Transcribe each entry exactly; skip the images.

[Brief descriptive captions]
-*-

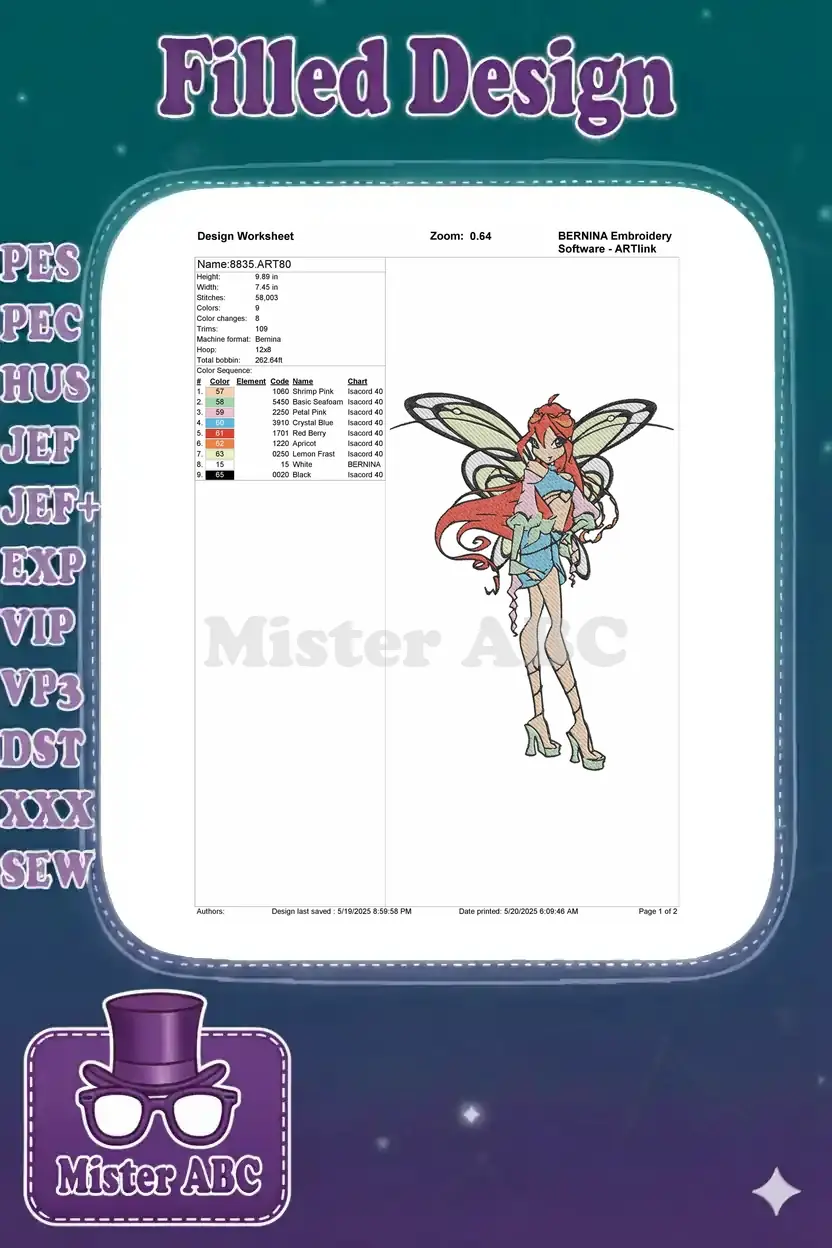 Embroidery design worksheet for Bloom, detailing dimensions, stitch count, color changes, and thread color chart.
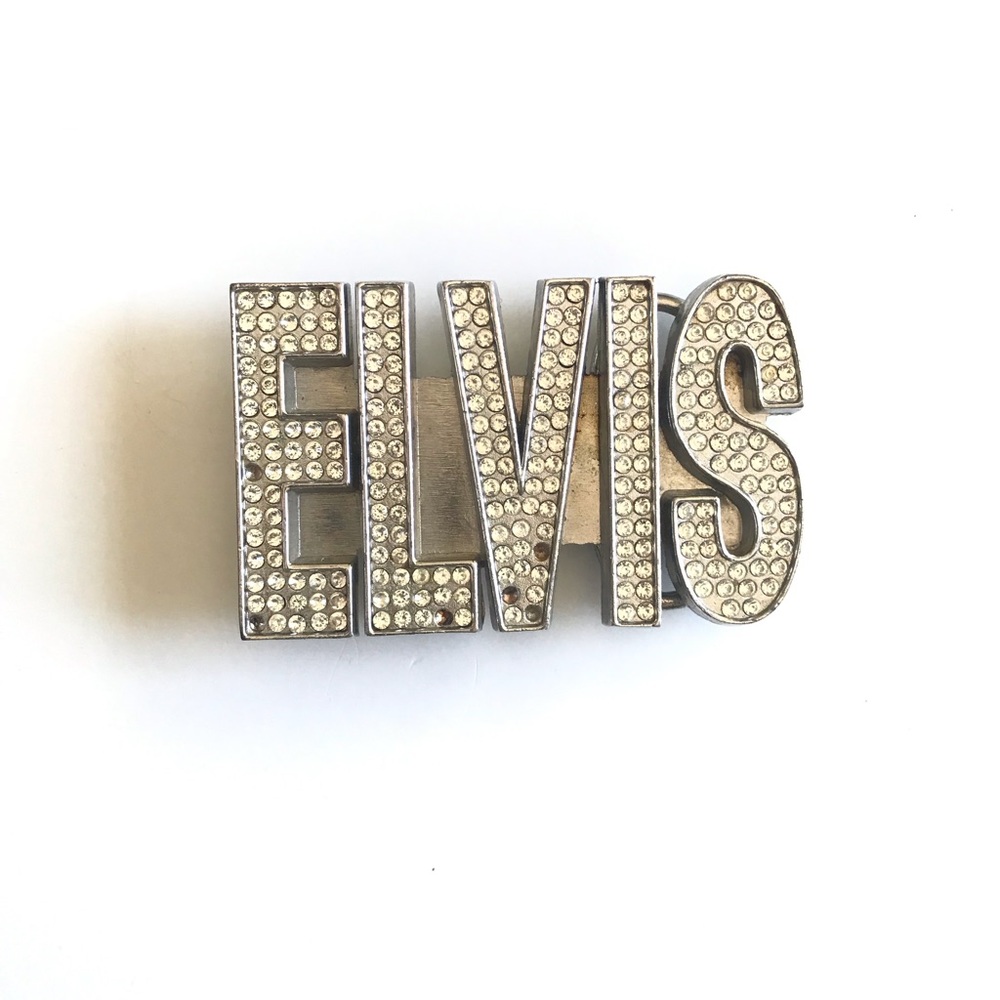 Silver 'ELVIS' Rhinestone Belt Buckle - Picture 5 of 5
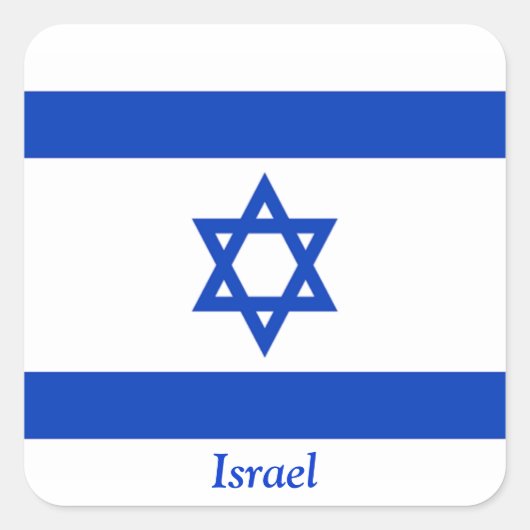 Flagge Israels Quadratischer Aufkleber (Vorderseite)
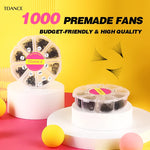 TDANCE 1000 Fans Loose Fan Mixed Length Pointy Base Premade Fans Sharp Thin Slim Medium Stem Volume Russian Eyelashes Extensions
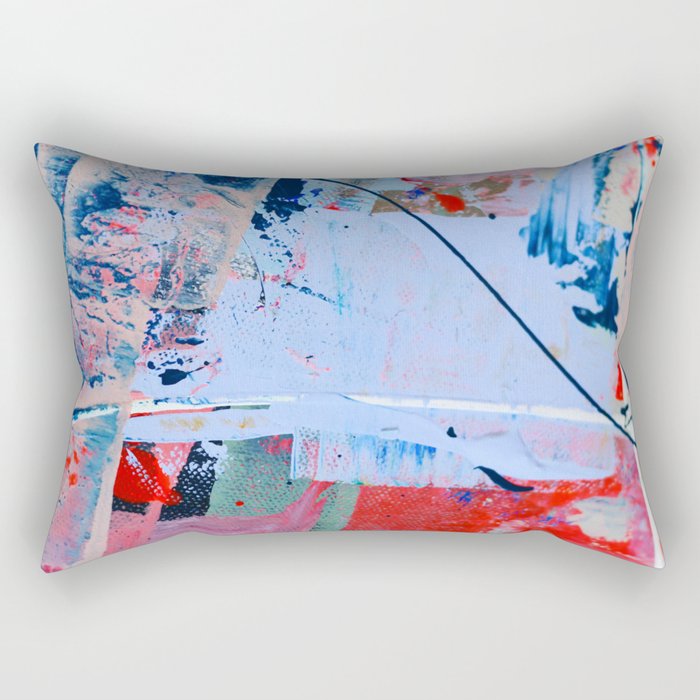 Days go by: a vibrant abstract contemporary piece in red, blue and pink by Alyssa Hamilton Art Rectangular Pillow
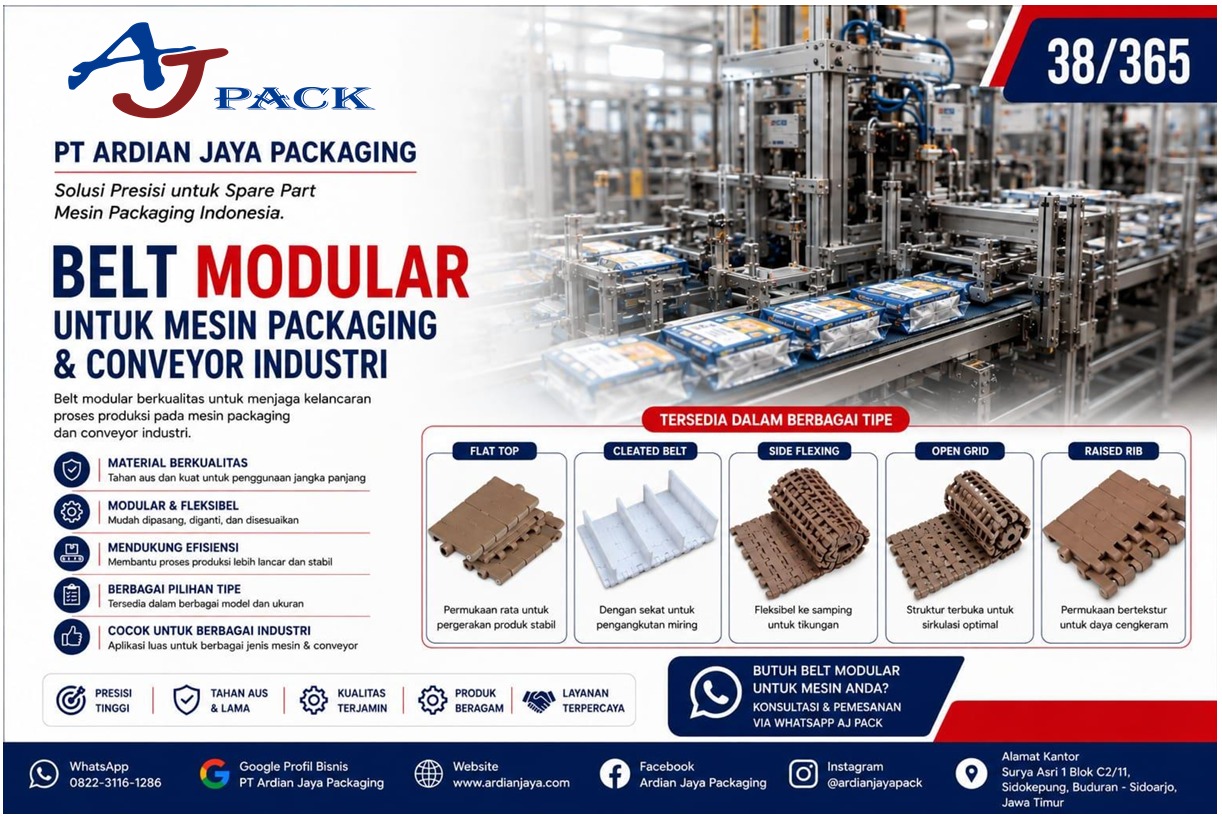 Belt Modular Mesin Packaging dan Conveyor Industri | AJPack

-*-

» SOLUTION FOR THIS PROBLEM:
 Embroidery design worksheet for Bloom, detailing dimensions, stitch count, color changes, and thread color chart.
 Silver 'ELVIS' Rhinestone Belt Buckle - Picture 5 of 5
 Flagge Israels Quadratischer Aufkleber (Vorderseite)
 TDANCE 1000 Fans Loose Fan Mixed Length Pointy Base Premade Fans Sharp Thin Slim Medium Stem Volume Russian Eyelashes Extensions
 Days go by: a vibrant abstract contemporary piece in red, blue and pink by Alyssa Hamilton Art Rectangular Pillow
 Belt Modular Mesin Packaging dan Conveyor Industri | AJPack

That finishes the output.